Reproduce the records exactly, beginning with their first line and ending with the line that contains "MERCEDES E SERİSİ", and output nothing more.

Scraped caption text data
● ● ● ●
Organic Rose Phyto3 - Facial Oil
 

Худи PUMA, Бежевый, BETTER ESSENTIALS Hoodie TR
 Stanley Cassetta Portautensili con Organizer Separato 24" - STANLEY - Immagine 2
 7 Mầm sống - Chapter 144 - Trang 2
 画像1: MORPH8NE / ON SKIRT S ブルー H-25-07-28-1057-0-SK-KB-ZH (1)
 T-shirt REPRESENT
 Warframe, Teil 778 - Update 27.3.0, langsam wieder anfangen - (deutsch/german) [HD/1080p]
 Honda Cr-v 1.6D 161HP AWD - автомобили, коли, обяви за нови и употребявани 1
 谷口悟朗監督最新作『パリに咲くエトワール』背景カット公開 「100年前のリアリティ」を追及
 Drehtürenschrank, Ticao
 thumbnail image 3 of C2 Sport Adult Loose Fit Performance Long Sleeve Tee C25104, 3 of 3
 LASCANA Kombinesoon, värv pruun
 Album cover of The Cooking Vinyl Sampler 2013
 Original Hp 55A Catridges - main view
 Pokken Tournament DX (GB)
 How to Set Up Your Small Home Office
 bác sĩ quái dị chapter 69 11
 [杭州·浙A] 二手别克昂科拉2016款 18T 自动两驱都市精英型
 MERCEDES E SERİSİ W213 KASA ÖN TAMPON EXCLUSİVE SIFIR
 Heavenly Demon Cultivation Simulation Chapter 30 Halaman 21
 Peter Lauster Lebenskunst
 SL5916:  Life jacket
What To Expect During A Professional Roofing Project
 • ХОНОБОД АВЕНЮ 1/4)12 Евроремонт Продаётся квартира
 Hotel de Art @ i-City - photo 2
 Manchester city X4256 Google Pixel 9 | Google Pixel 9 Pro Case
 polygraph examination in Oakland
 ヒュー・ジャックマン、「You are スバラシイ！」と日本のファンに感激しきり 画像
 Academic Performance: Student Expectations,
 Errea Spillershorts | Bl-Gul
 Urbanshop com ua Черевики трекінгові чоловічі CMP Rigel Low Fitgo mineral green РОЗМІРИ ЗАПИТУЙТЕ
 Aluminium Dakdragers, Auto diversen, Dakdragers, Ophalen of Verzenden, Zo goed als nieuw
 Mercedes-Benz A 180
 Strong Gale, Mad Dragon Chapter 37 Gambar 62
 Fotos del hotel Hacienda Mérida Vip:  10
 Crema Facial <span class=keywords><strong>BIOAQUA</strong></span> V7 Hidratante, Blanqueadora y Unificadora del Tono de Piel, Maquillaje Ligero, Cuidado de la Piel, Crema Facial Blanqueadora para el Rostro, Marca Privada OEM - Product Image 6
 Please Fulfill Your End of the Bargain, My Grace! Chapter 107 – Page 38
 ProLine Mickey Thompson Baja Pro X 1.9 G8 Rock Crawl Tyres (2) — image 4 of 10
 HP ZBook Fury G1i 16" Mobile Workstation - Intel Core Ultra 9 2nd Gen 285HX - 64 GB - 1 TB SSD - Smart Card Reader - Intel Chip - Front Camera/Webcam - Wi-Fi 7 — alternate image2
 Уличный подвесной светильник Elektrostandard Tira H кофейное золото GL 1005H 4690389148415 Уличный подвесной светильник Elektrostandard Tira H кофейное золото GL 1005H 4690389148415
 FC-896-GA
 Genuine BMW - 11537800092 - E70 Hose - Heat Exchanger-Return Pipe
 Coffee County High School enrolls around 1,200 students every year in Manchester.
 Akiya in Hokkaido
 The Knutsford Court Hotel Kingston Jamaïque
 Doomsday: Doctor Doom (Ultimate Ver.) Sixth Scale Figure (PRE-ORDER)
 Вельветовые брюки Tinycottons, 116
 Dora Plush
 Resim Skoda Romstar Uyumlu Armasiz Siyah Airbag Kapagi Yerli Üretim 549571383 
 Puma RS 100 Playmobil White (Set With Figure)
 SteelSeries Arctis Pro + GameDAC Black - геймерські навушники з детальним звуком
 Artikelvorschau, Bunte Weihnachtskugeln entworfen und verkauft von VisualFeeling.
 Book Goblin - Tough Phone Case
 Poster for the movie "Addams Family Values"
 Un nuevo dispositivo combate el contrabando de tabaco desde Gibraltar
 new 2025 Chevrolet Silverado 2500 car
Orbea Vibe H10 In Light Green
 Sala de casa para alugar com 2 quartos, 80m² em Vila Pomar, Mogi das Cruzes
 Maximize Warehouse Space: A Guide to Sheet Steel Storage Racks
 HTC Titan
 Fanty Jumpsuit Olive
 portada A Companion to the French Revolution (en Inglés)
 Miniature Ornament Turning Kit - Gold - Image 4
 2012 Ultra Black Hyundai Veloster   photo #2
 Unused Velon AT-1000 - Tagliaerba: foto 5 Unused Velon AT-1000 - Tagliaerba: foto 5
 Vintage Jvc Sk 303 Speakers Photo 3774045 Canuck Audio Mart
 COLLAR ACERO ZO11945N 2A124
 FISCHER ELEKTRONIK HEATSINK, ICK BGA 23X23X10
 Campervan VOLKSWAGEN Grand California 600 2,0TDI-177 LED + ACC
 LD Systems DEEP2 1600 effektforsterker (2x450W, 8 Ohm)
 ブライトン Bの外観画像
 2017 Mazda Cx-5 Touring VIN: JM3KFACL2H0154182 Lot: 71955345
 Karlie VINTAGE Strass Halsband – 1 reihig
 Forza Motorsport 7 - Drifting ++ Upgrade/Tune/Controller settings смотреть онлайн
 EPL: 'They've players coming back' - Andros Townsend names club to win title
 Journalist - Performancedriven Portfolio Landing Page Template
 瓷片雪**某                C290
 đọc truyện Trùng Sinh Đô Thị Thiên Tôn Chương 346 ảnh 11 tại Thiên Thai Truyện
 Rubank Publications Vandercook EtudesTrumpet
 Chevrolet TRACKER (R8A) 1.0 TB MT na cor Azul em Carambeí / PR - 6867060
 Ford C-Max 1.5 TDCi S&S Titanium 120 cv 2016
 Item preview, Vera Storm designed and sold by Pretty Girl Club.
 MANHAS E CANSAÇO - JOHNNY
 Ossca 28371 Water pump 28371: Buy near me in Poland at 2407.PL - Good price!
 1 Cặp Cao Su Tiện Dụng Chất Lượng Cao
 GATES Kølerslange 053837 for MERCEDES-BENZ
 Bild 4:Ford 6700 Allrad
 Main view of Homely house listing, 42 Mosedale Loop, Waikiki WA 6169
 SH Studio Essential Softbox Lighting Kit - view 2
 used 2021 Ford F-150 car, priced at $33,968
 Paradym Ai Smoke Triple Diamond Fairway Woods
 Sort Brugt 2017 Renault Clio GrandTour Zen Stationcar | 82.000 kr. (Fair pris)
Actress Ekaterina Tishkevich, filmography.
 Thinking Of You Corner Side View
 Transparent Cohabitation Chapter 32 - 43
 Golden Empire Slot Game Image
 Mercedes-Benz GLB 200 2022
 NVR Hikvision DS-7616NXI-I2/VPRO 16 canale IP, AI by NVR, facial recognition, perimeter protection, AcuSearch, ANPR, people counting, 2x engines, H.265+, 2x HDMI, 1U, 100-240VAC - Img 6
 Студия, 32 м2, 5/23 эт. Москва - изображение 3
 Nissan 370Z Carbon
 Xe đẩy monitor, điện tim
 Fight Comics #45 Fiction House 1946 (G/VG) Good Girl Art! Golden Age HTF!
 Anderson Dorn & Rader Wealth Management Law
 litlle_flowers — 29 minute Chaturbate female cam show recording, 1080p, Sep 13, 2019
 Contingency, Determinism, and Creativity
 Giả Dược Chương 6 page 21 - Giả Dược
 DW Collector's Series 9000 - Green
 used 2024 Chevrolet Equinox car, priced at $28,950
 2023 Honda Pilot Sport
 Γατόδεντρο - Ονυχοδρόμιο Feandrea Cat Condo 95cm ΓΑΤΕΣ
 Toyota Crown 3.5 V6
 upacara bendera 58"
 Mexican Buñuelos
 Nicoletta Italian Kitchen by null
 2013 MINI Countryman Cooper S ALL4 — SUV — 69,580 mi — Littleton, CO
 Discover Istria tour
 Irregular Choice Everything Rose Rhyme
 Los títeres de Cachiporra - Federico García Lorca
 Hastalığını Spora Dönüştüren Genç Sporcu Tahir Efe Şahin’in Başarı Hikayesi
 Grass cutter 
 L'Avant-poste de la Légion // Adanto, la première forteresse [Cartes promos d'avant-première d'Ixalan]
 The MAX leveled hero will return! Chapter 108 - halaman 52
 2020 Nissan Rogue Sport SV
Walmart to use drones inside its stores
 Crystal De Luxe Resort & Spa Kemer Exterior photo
● ● ● ●
■ **Exercise output**:
Organic Rose Phyto3 - Facial Oil
 

Худи PUMA, Бежевый, BETTER ESSENTIALS Hoodie TR
 Stanley Cassetta Portautensili con Organizer Separato 24" - STANLEY - Immagine 2
 7 Mầm sống - Chapter 144 - Trang 2
 画像1: MORPH8NE / ON SKIRT S ブルー H-25-07-28-1057-0-SK-KB-ZH (1)
 T-shirt REPRESENT
 Warframe, Teil 778 - Update 27.3.0, langsam wieder anfangen - (deutsch/german) [HD/1080p]
 Honda Cr-v 1.6D 161HP AWD - автомобили, коли, обяви за нови и употребявани 1
 谷口悟朗監督最新作『パリに咲くエトワール』背景カット公開 「100年前のリアリティ」を追及
 Drehtürenschrank, Ticao
 thumbnail image 3 of C2 Sport Adult Loose Fit Performance Long Sleeve Tee C25104, 3 of 3
 LASCANA Kombinesoon, värv pruun
 Album cover of The Cooking Vinyl Sampler 2013
 Original Hp 55A Catridges - main view
 Pokken Tournament DX (GB)
 How to Set Up Your Small Home Office
 bác sĩ quái dị chapter 69 11
 [杭州·浙A] 二手别克昂科拉2016款 18T 自动两驱都市精英型
 MERCEDES E SERİSİ W213 KASA ÖN TAMPON EXCLUSİVE SIFIR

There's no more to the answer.